Agora é só estabelecer uma comparação entre o que o paranaense vem pagando e o preço apresentado pela OHL (R$ 1,364) na Regis Bitencourt (BR 116), entre São Paulo e Curitiba. Ou o preço entre Curitiba e Florianópolis (R$ 1,028), pela BR 101. Ou ainda o preço maior (R$ 2,540) para o trecho entre Curitiba e a divisa com Santa Catarina pela BR 116.
É claro que as concessionárias do atual serviço vão alegar a densidade do fluxo como determinante de preços. É como algo que se produz em grande escala para atender grandes demandas comparado com uma produção menor para atender demandas pontuais, de pequena escala.
Só que a desproporção, mesmo considerando o fator densidade, é muito grande. E, nesse ponto, as concessionárias terão de fundamentar muito bem seu argumento porque a diferença é acentuada.
De qualquer forma, a discussão tem que ser lúcida, técnica, e os críticos do pedágio têm que deixar de lado o fator emocional. É quase certo, porém, que pedidos de revisão vão acontecer e serão absolutamente pertinentes.
Aliás, ontem mesmo o Tribunal de Contas da União (TCU) determinou que a Agência Nacional de Transportes Terrestres (ANTT) reveja os valores cobrados nos pedágios das rodovias federais participantes da primeira rodada de concessões. A medida abre precedente para que ocorra em todas as regiões, desde que órgãos como o próprio TCU assim o determinem.
O TCU deu 30 dias para que a agência faça estudos para verificar se a rentabilidade do investidor das concessionárias está equilibrada. A partir desse questionamento é defensável que alguém questione a taxa de retorno em determinados trechos.
Para usar a lógica - e não necessariamente fundamentação científica -, quando se diz que algo é muito ou é pouco; é feio ou bonito, é natural que se pergunte se é algo é muito (ou pouco) em relação a qual número.
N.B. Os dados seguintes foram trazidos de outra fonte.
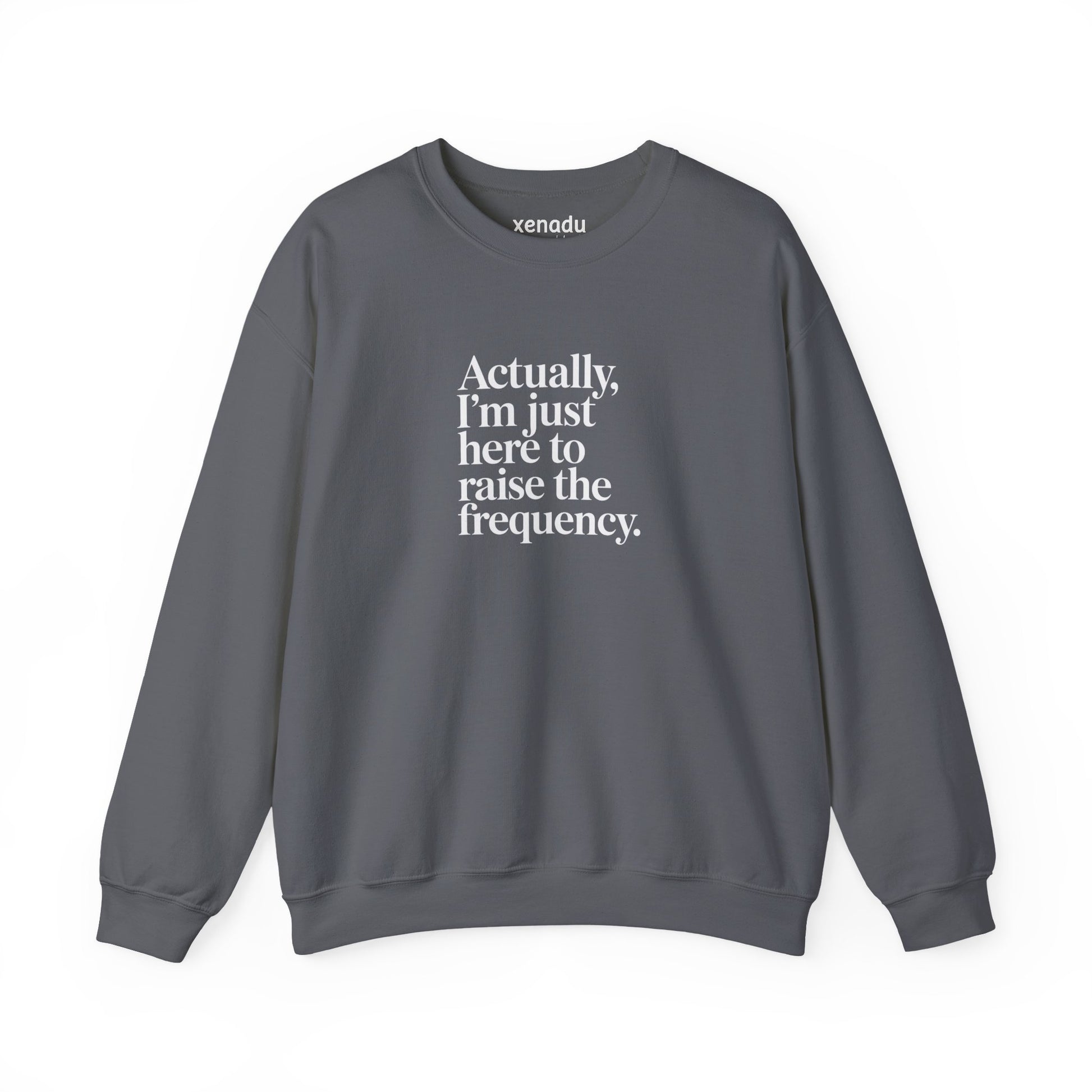 Raise the Frequency Sweatshirt Charcoal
No caso das concessionárias já existe um parâmetro aferidor e comparativo.
Ou seja a taxa de retorno nas rodovias leiloadas ontem ficou abaixo de 9%, exatos 8,95%.
A notícia divulgada ontem sobre a iniciativa do TCU, diz: Caso a ANTT conclua que as taxas estão em desequilíbrio, a agência terá que fazer uma revisão dos valores, o que deve estar previsto no contrato de concessão. Aliás a própria ANTT deve ser questionada na Justiça.